The segment entropy box plots (figure 4) displayed an evident dichotomy. The similar distributions
of the King James and New International translations strongly indicate that their entropies are
statistically comparable despite great variety in writing style. Whilst the distributions of the Neo-
Quenya and Latin segment entropies were both lower than the English distributions, their box plots
were statistically dissimilar. The median for the Latin translation lay outside the 95% confidence
interval of the Neo-Quenya median and vice versa. The Neo-Quenya and the Latin may be dissimilar
due to the fact that they are different languages, or it may be because Latin is a natural language,
and Neo-Quenya is constructed. Comparisons with a greater variety of translations would be required
to support or negate either conclusion.
As has been observed above, the Zipf-Mandelbrot comparisons after the removal of the two most
common words displayed a clear dichotomy between the English and the non-English New Testament
translations (figure 3). The Zipf-Mandelbrot distributions for the non-English translations started
lower, but ended higher than the English. This was reflected in the differences between the total
number of words and the number of unique words in each section [appendix B]. For each section, the
English translations had by far the higher word count [appendix B, table 5], but when the number
12
of unique words was tabulated [appendix B, table 6], it was found that they had fewer unique words
than the non-English translations. Hence, this leads to higher frequencies in the more common words
and a steep drop-off as the word rank is increased. The most obvious explanation for this is inflection.

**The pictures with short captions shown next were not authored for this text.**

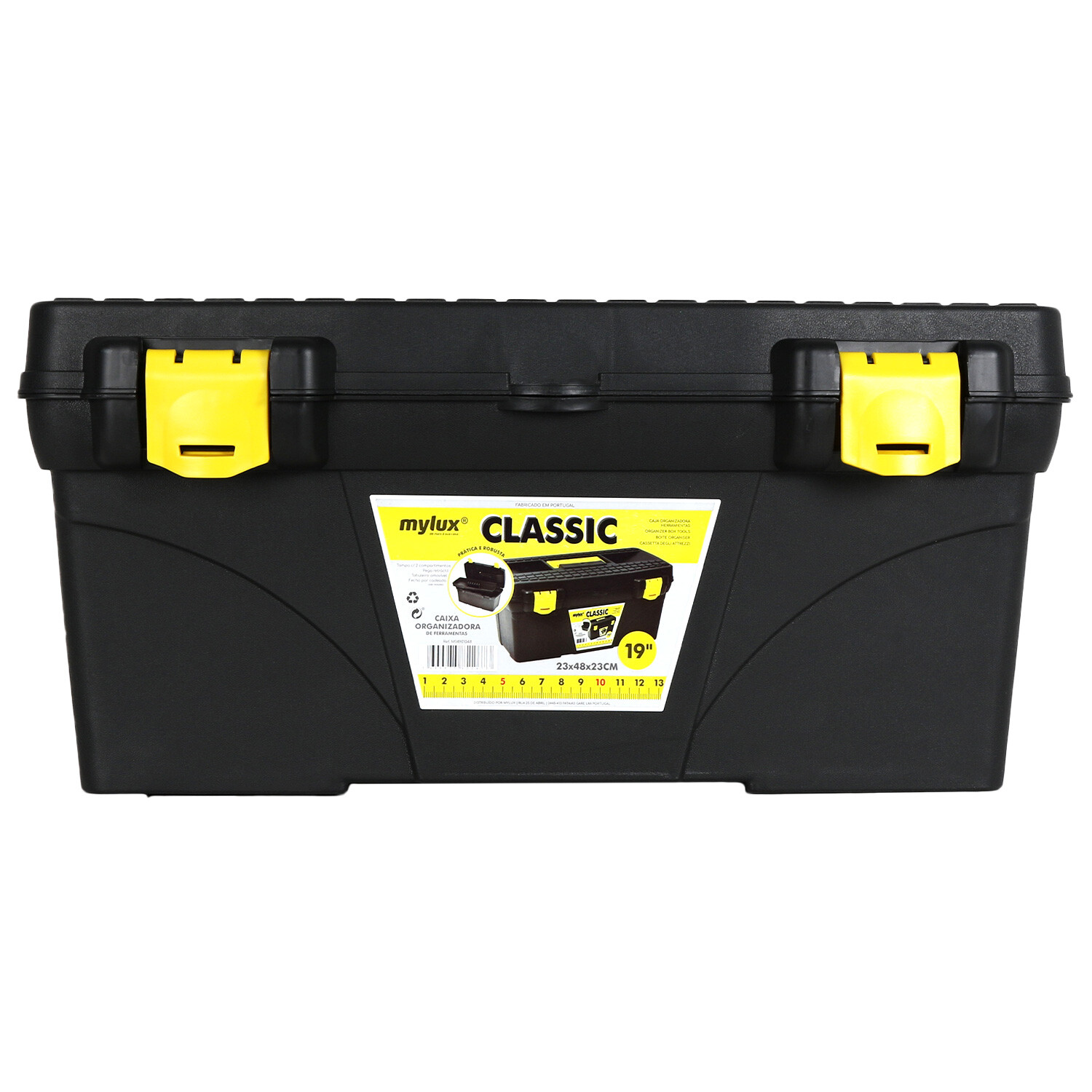 My Lux Classic Organiser Tool Box 47cm Image 1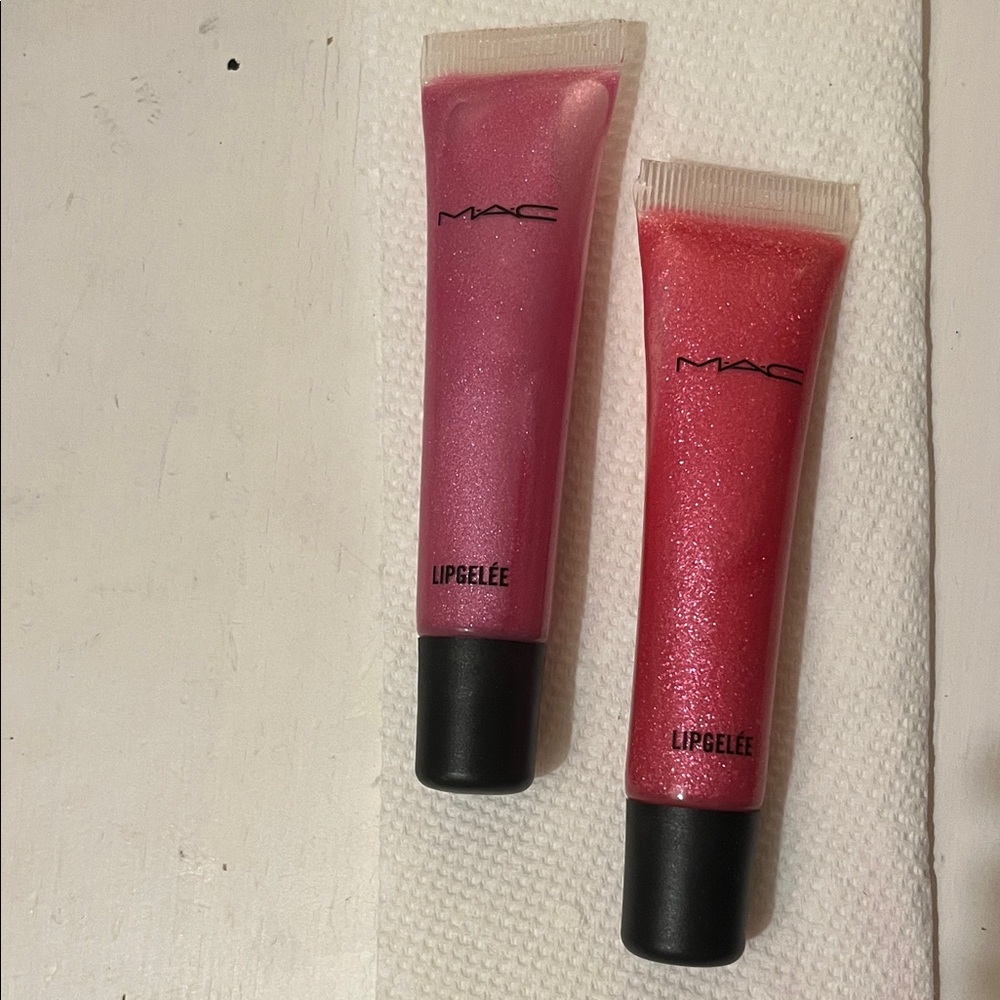 MAC Cosmetics Lipgelée - Shift To Pink and Preppy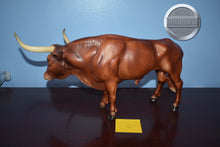 Load image into Gallery viewer, Longhorn Bull #2-New for 2025-Breyer Traditional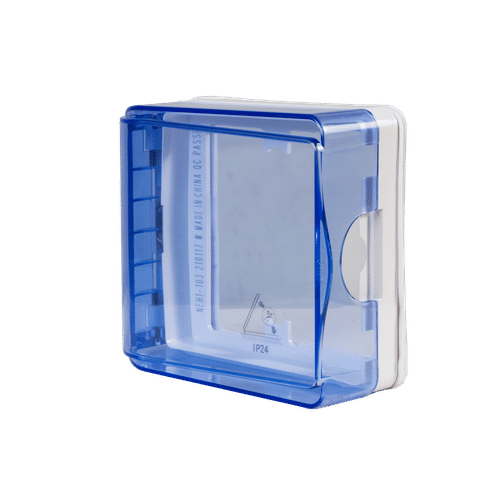 CHINT IP21 SINGLE SOCKET PVC COVER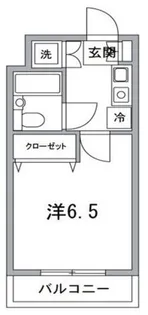 用賀ケロポリアル【2階】の間取り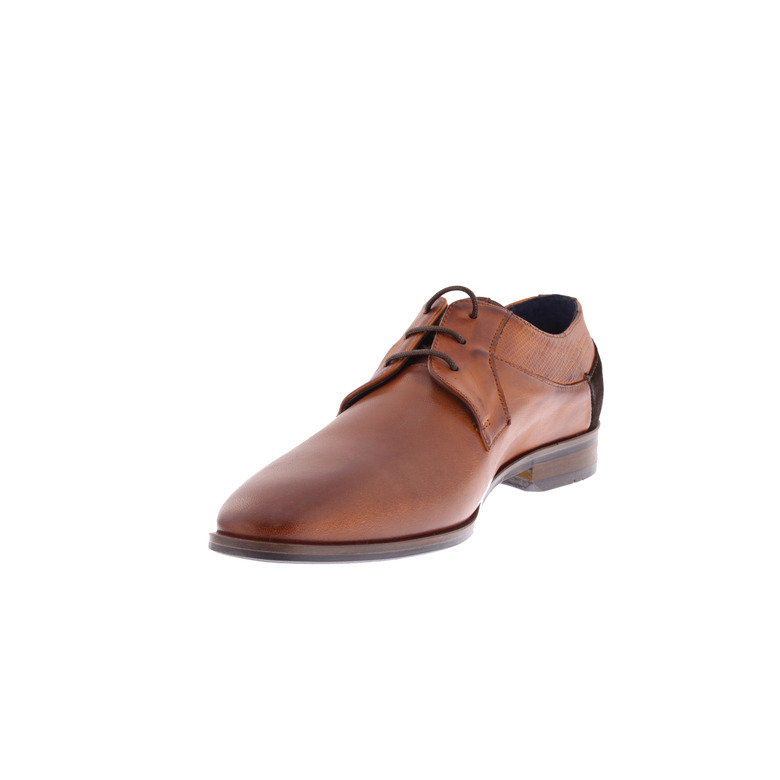 Berkelmans veterschoenen cognac 3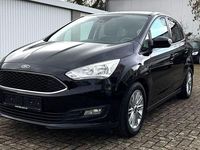 Gebraucht Ford C-MAX 125 PS (91 kW) 2019 Schwarz Van / Kleinbus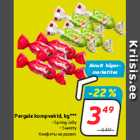 Pergale kompvekid, kg***
• Spring Jelly
• Sweety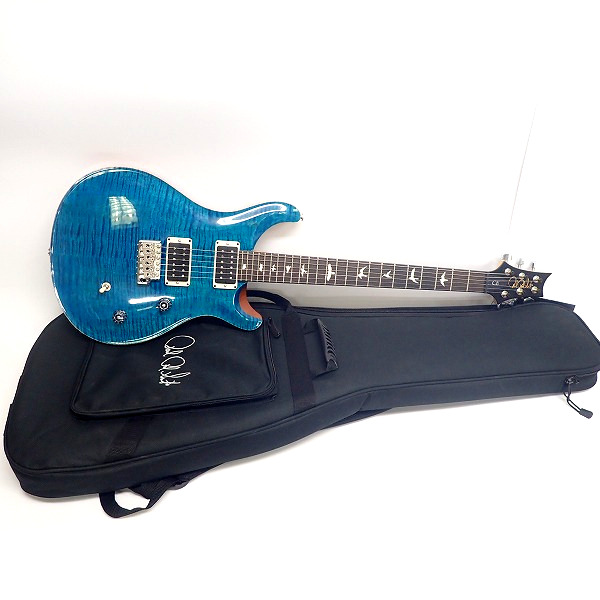 実際に弊社で買取させて頂いた★【美品】PRS(Paul Reed Smith)/ポールリードスミス エレキギター CE 24 BLUE MATTEO 10Top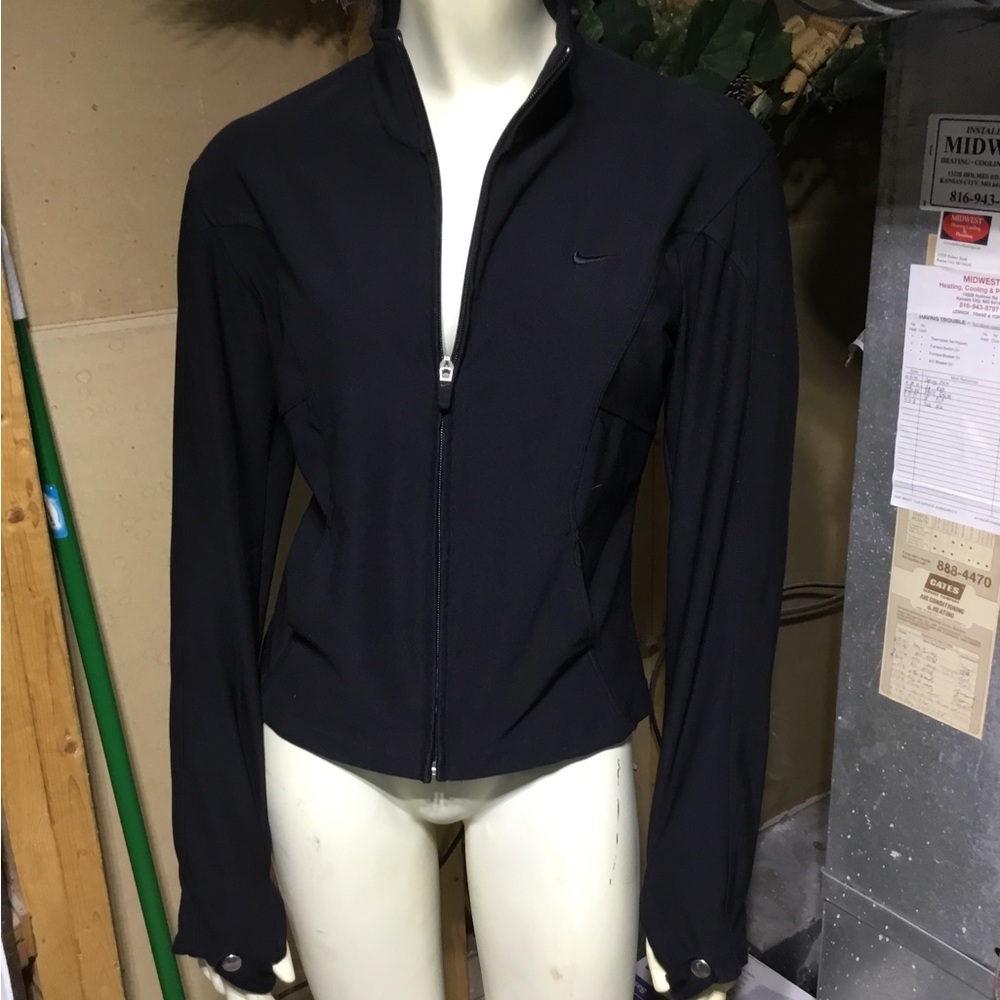 Nike Black Sport Top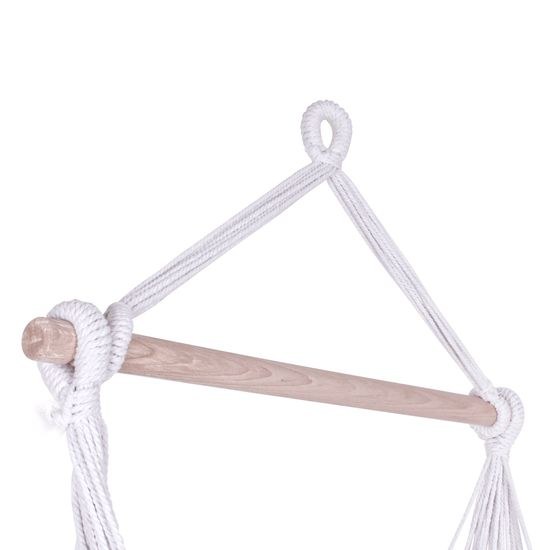 Sportago Playa závesné hojdacie kreslo, do 120 kg, mix farieb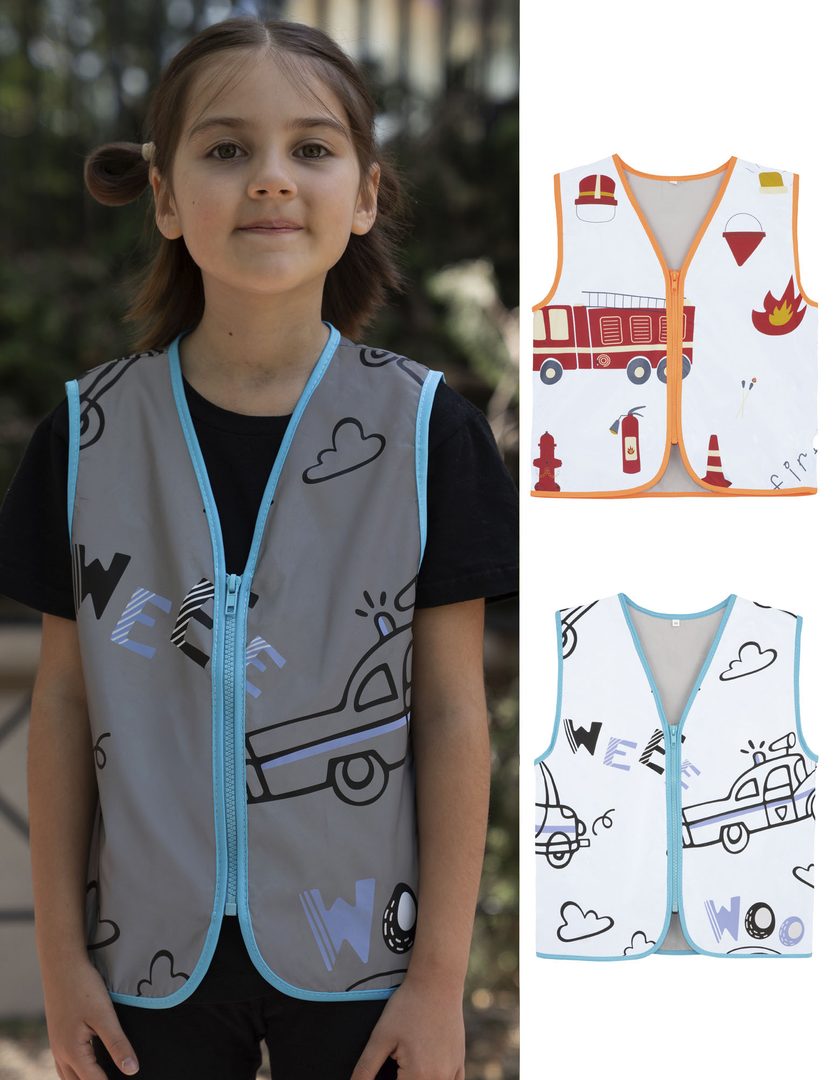 Korntex Children´s Functional Vest Rescue Rangers CO² Neutral
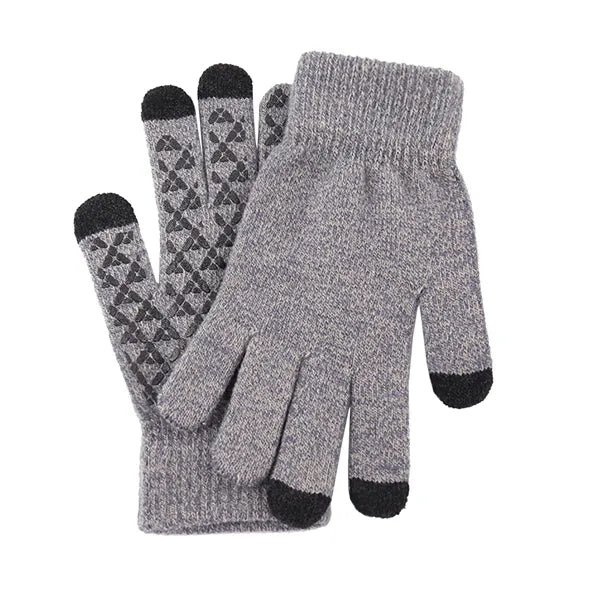 Thick Unisex Warm Touchscreen Knit Gloves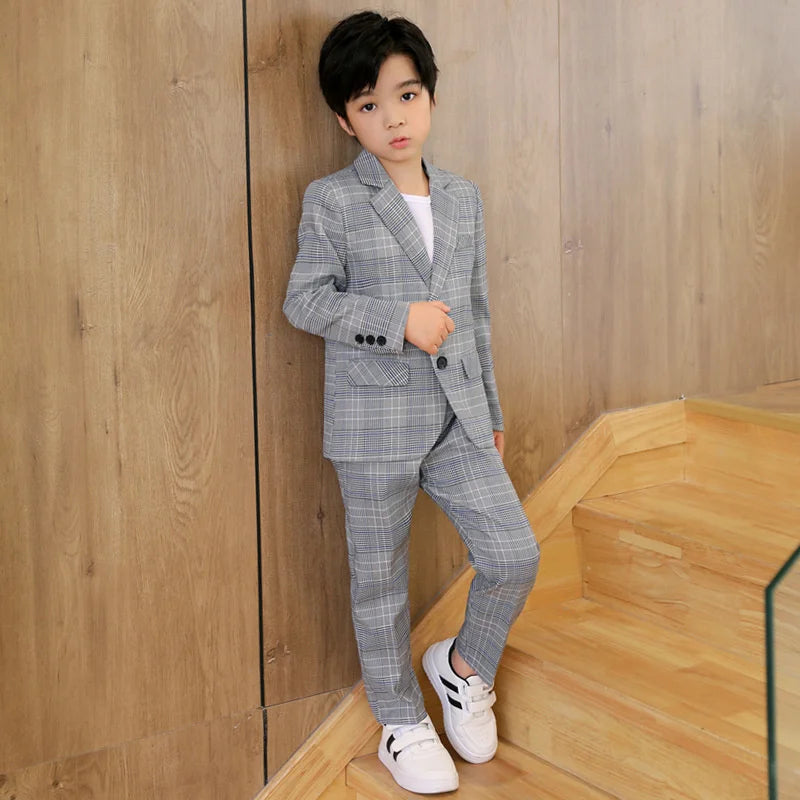 Elegant Kids Boys Gentleman Wedding Suits/Tuxedo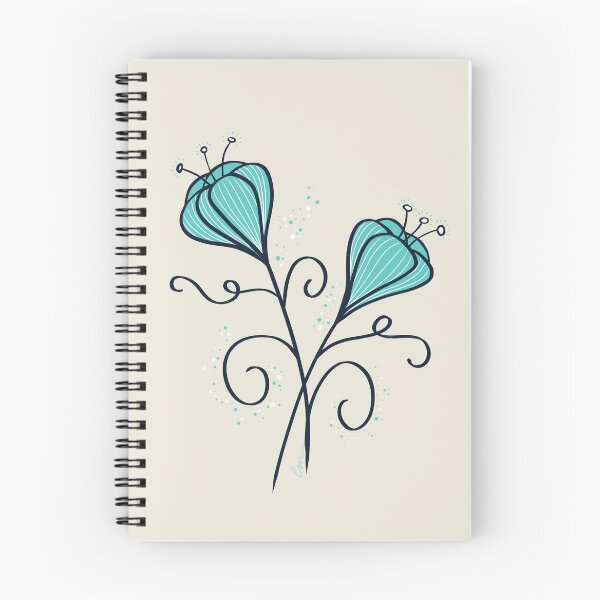 Item preview, Blue flower designed and sold by HorsChamp.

Inflection in language is essentially a categorisation of grammar structure and the importance of
word order. English, as a weakly inflected language, is heavily dependent on word order, articles,
prepositions, pronouns and auxiliary verbs in order to correctly convey the information in a sentence.
On the other hand, heavily inflected languages (such as Quenya and Latin), usually indicate this
information by changing noun and verb endings. In an extreme example:
English: The dog gives a dog to a dog.
Latin: canis canem cani dat.
Here, the different endings to ‘canis’ (dog) indicate which dog it is. The ‘-is’ ending denotes the dog
doing the action, the ‘-em’ ending denotes the dog having the action done to it, and the ‘-i’ ending
denotes the dog having something given to it. A similar thing occurs with verb person, number, mood,
tense and aspect. Consequently, inflected languages use fewer words of a greater variety to convey the
same information.
It is also worth noting that, as demonstrated by the entropy table (figure 3) and box plot (figure
4), heavily inflected languages appear to have lower Shannon entropies than weakly inflected ones.
However, in order to draw a confident conclusion, more translations would need to be analysed.
6.2 Potential Extentions
The possible extensions of this project are many and varied. Ideally, comparisons would be performed
between the Neo-Quenya and at least 30 other natural languages, to allow for some indication of
statistical significance. A range of inflected and non-inflected languages, as well as non-Indo-European
ones could be included, to investigate the relationship between Quenya, languages it is based off (e.g.
Latin, Finish and Ancient Greek) (Fauskanger n.d.) and languages that have no deliberate connection
(e.g. Mandarin or Wiradjuri). Ideally, the entropies would be calculated in such a way as to make
strongly and weakly inflected languages comparable.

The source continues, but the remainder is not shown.